Citibank, Sony, and even the Department of Defense have all recently been victims of cyber attacks. Just last week, book retailer Barnes & Noble announced that its credit card PIN pads had been hacked in 63 stores across the country, leaving customer credit and debit cards vulnerable to unauthorized purchase activity. In fact, the company reported that hackers had already made unauthorized purchases with some customer credit cards that were exposed in the attack.
In the recent Sony case, hackers attacked the PlayStation Network and accessed the personal information of 12 million account holders. The resulting investigation was so extensive that the company temporarily suspended business operations and was named in multiple class action lawsuits. Insurers helped foot the estimated $2 billion bill.
Cyber Risk Comes from Internal and External Sources
95% of cyber security breaches are caused by one of three things: hackers, rogue employees, or loss or theft of equipment. And, they are not just a problem for large corporations; they are a real and growing problem for organizations of all kinds, at all levels.
Insurers, risk managers, and business owners need to plan ahead to prevent and protect against these costly incidents. What are some typical cyber liability exposures? Consider where you might find a risk like the following:
Unauthorized Access/Data Security
Hackers gain access to cash registers or credit card terminals, stealing customer credit card information and using it to make unauthorized purchases (Exhibit 1: Barnes & Noble).
Theft of Digital Assets/Missing Data
Theft of laptops, backup tapes, disks, or other devices that contain personal or sensitive information about customers can be more damaging and costly than just replacing the equipment. This kind of theft can lead to anything from unauthorized credit card purchases to identity theft.
In another recent case involving a healthcare organization, over 365,000 patient records were exposed and the company was required to pay extensive reparations.
Privacy Breach/Personal Records Disclosure
This is a very common claims scenario, and most states have laws with strict regulations about informing the public after an incident.
In one case, a rehabilitation center employee inadvertently exposed patient data, leaving the employer responsible for fines and penalties imposed by the state, as well as $890,000 in payments to customers to provide for credit monitoring services.
Hackers attempt to extort payment from a company in exchange for not releasing to the public sensitive customer information.
Hackers launch an attack against a computer consulting and application outsourcing firm, resulting in a system-wide shut down. Costs are incurred for restoring and repairing their system, as well as for business interruption.
The Fiscal Times reports that the cost of global cybercrime could reach $114 billion annually. As hackers display increasing expertise and attacks become more complex, the effects on business can be devastating.

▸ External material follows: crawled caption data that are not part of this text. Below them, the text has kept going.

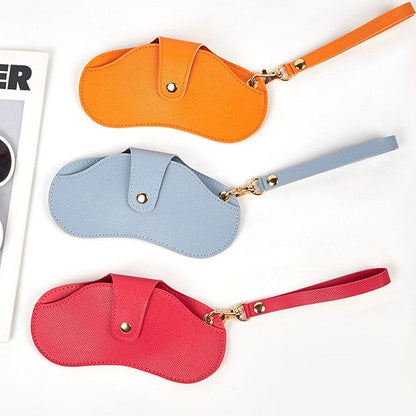 Soft Leather Portable Lanyard Glasses Case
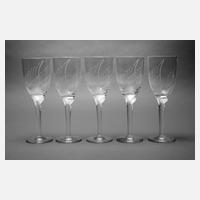 Fünf Champagnergläser René Lalique111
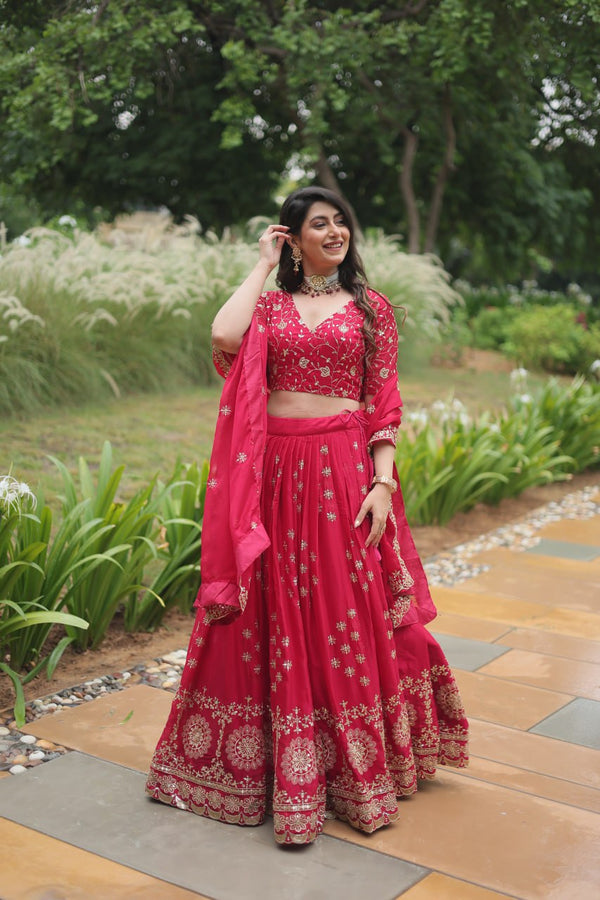 Red Rangoli Silk With Heavy Sequence And Thread Embroidery Work Lehenga Choli
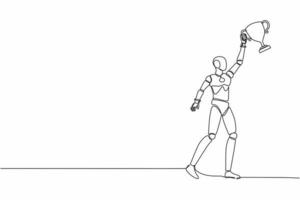 Single one line drawing robot holding trophy with one hand. Success and goal achievement. Winning competition. Future technology development. continuous line draw design graphic vector illustration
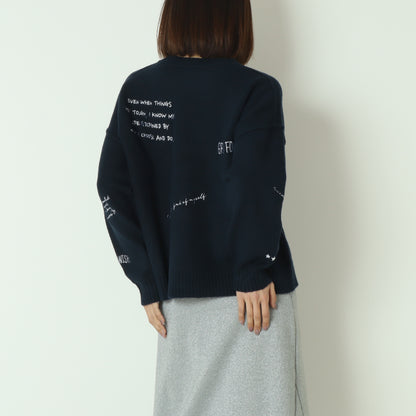 ワッペンデザインニット  80256570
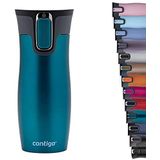 Contigo West Loop Autoseal Travel, thermo-roestvrij staal, vacuümfles, waterdichte beker, koffiemok met gemakkelijk te reinigen deksel, BPA-vrij, bessen, 470 ml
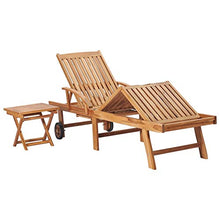 Tidyard 2 pz Lettini Prendisole Reclinabili con Tavolino Pieghevole in Legno Massello di Teak,Lettino da Sole Reclinabile in Legno,Sdraio da Giardino Reclinabile in Legno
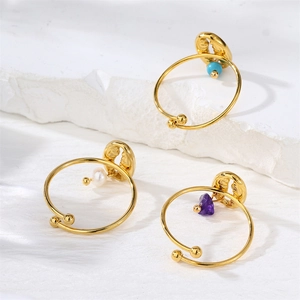 18k gold plated stainless steel open rings with shell charms and natural stones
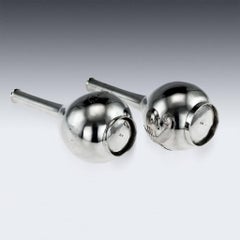 Antique 20thC Japanese Export Solid Silver Pair of Dragon Vases, circa 1910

Let’s Face It: Cyber Risk Will Continue to Grow
The cases described in this blog just scratch the surface of potential cyber risk posed to your business.
While insurance companies can provide coverage for these situations, a cyber breach can still be as devastating as other types of liability incidents and physical losses. Long after the breach has been discovered and security has been repaired and restored, the ongoing public relations impact can be even more damaging.